Headstrong yet insecure... technically prodigious yet unbalanced and clumsy... he's a gordian knot for someone like you manifest, no?
http://www.guardian.co.uk/football/2008/nov/15/liverpool-premierleague---
With a little help from above, Babel aspires to central castingLiverpool's thoughtful Dutch forward says he is in a hurry to succeed - and in his favourite role
Daniel Taylor The Guardian, Saturday 15 November 2008
Ryan Babel has released a number of rap songs in Holland under the name 'Rio'. Photograph: Christopher Thomond /Guardian
A biting November's day on Merseyside. A kettle is boiling in the background and the windows are beginning to steam up as Ryan Babel takes his seat and offers a polite handshake. First impressions? That he seems remarkably unassuming for a star footballer at one of Europe's bigger clubs. But then there is the story of him berating a team-mate - "where's your touch?" - in one of his first training sessions at Liverpool so maybe there is more to him than meets the eye.
He is an intriguing character. Babel is 22 next month, but you could easily think he was younger. He has a boyish, slightly buck-toothed smile and you want to put an arm round him when he explains how, before moving to Liverpool, he had never lived away from his parents and how, 16 months in, he is still trying to find a church where he feels totally comfortable. Babel often carries a copy of the Bible and has a routine before every match where he finds a quiet spot for his prayers.
But Babel is streetwise. He had to be to survive in the Bijlmermeer, the unloved district of Amsterdam where he was brought up. Just click online and watch the videos of him rapping. Babel has a studio at home and has put out a number of records under the name Rio, including one collaboration with his Holland international team-mate Royston Drenthe. His lyrics could make Eminem blush - sample: "you can see this nigga with number 19/I can't even spend all my money/keep your daughter inside or you will be my family" - but the Dutch seem to like it. "The last one was called Eeyeeyo and went to number one in Holland over the summer," he says. "Music has always been an important part of my life."

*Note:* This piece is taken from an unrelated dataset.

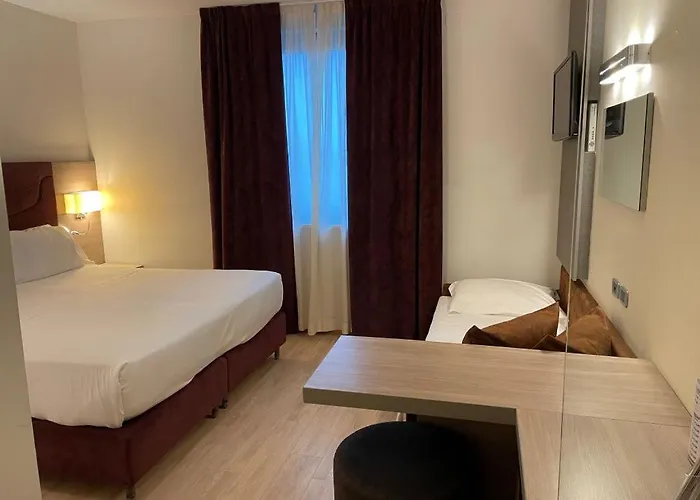 Omnia Hotel Noventa di Piave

The Biljmermeer, or colloquially Bijlmer, is a cluster of tower blocks close to the Amsterdam Arena and home to many of the city's 70,000 immigrants from the former Dutch colony of Surinam. "I don't want to use the word 'ghetto' but that is one way people describe it," says Babel. "I was lucky. My parents were very strict and had rules for me and, if ever I was playing outside, I always had a set time to come back in. But the Bijlmer had a lot of problems and I had other friends who chose the wrong road. There were a lot of drugs and crime and when you get into that scene it can be difficult to get back out."
This was also the place where El Al flight 1862, on the way from New York to Tel Aviv and having refuelled at Schiphol airport, crashed in 1992. "The plane came over our flat [he uses his hand to show how close it was] before crashing into the next high block. It could easily have been us." Thirty-nine people from his neighbourhood were killed, along with the three crew members on the plane and the only other person on board, a non-paying passenger. "It's a horrible memory. I was very young at the time [two months short of his sixth birthday] but I can still remember it. There was this almighty bang and when we ran out we could see all the flames and smoke. We were so close to it we had to leave our flat because it was not safe and we ended up at my grandma's. Then, when we were allowed to go back, I can just remember this terrible scene of complete devastation. It was like something out of a film."

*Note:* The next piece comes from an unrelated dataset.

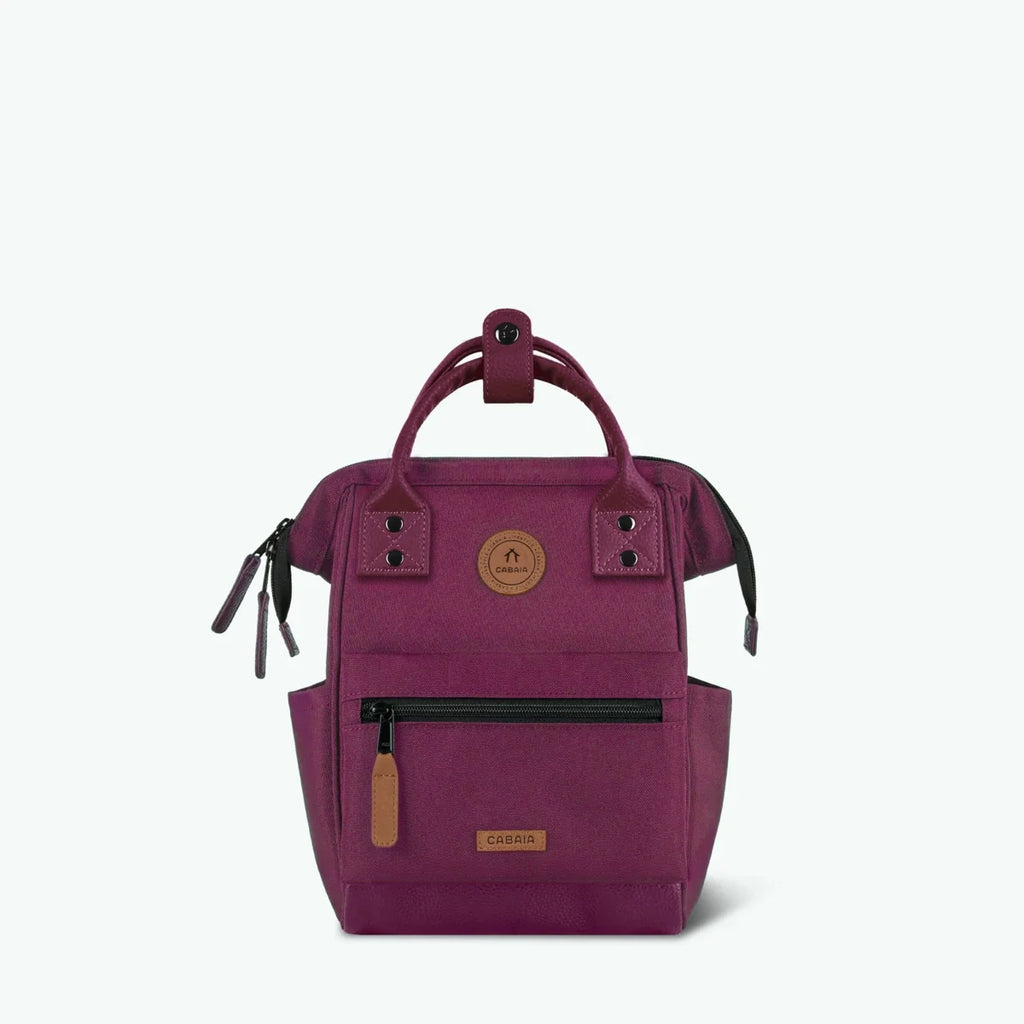 Pochette avant XS Colline Du Chateau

His upbringing makes him more interested in real life than celebrity life. Babel is not just an accomplished footballer for Liverpool but a fine ambassador. He has been involved in an anti-racism workshop run by the Anthony Walker Foundation and this week devoted himself to another of the Premier League's Creating Chances events, at the launch of Liverpool's Respect 4 All centre. The project, funded in part by the Premier League Professional Footballers' Association, is for 12- to 16-year-olds with different types of disabilities.
Babel moved easily among the children, starting off with a game of wheelchair basketball before a target-practice routine with visually impaired children and a penalty shoot-out with youngsters with severe learning difficulties. Two hours of what would ordinarily be post-training rest time had elapsed by the time he had finished, but he was happy. "It's always a good feeling if you can make these kids happy. Not everyone has the life they expect but I still think they can make the best of it and, with this kind of centre, we want to help to inspire them."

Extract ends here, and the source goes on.